화학공학소재연구정보센터
Fuel, Vol.222, 766-778, 2018
Rigorous prognostication of natural gas viscosity: Smart modeling and comparative study
The current study plays a major role in modeling natural gas viscosity in terms of several operating parameters including pseudo-reduced properties and molecular weight through radial basis function neural network (RBFNN), least-squares support vector machine (LSSVM), and multilayer perceptron neural network (MLPFNN). As it known, an important feature of any comprehensive modeling is the application of a large database for model development. Therefore, more than 3800 gas viscosity data points were used for modeling. For upgrading the efficiency of the abovementioned predictive tools, four optimization algorithms including levenberg-marquardt (LM), coupled simulating annealing (CSA), Bayesian regularization (BR), and scaled conjugate gradient (SCG), were integrated with them to find the optimal models' parameters during prediction analysis. Consequently, it was understood that among the all suggested tools in this study, the MLP-LM and then MLP-BR are the most accurate models for estimating gas viscosity with root mean square error (RMSE) of 0.001 and 0.002, respectively.

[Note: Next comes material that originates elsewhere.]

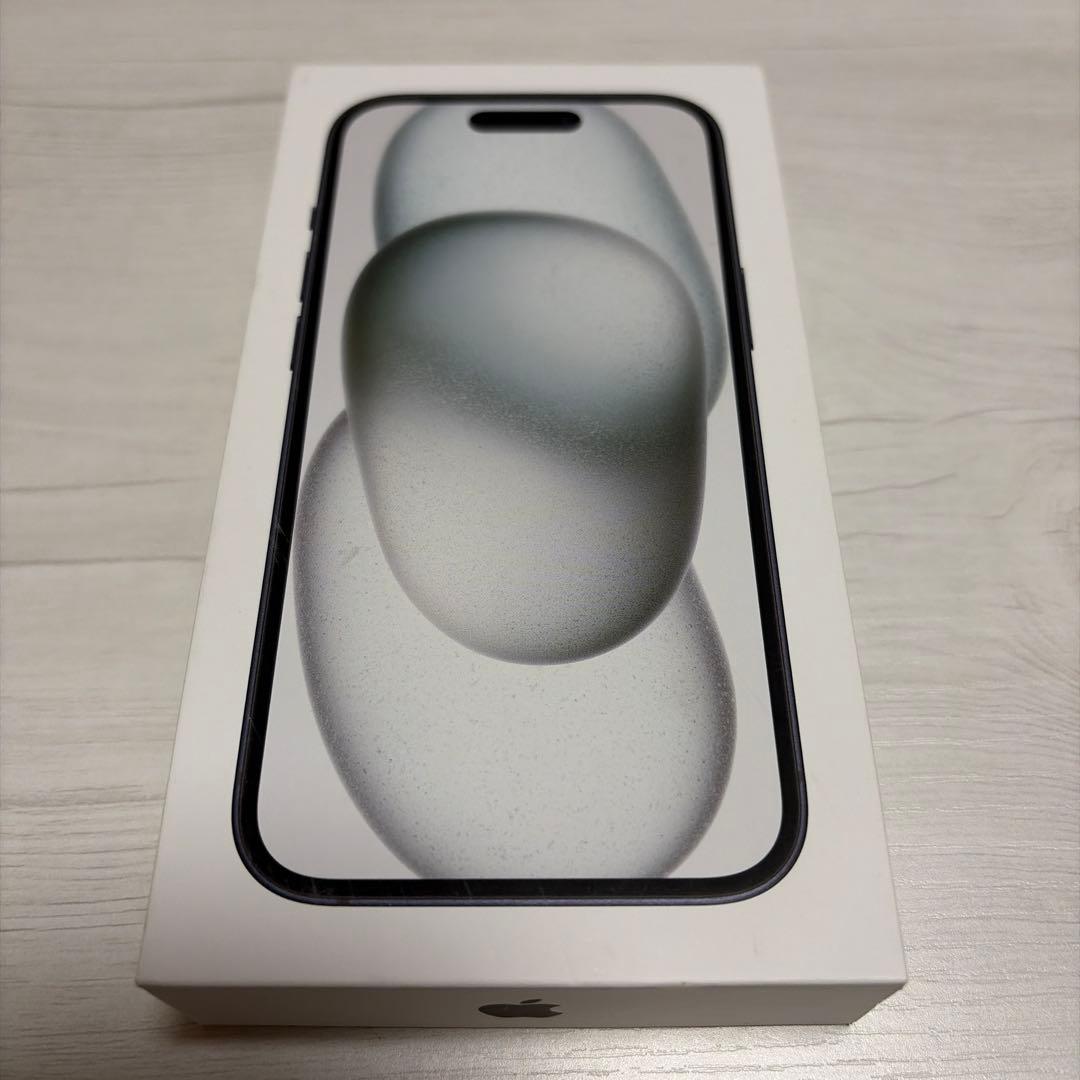 さやか iPhone15 128GB ブラック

Comparison of the MLP-LM and MLP-BR with previously published models in literature demonstrates their higher prediction capability, with less numbers of input parameters (without needing any density data), than the existing literature models. Based on the sensitivity analysis, it is concluded that the molecular weight is the most affecting variable on the viscosity prediction. Finally, the suggested tools in this study can be of great value for effective estimation of gas viscosity in simulating both upstream and downstream natural gas processes.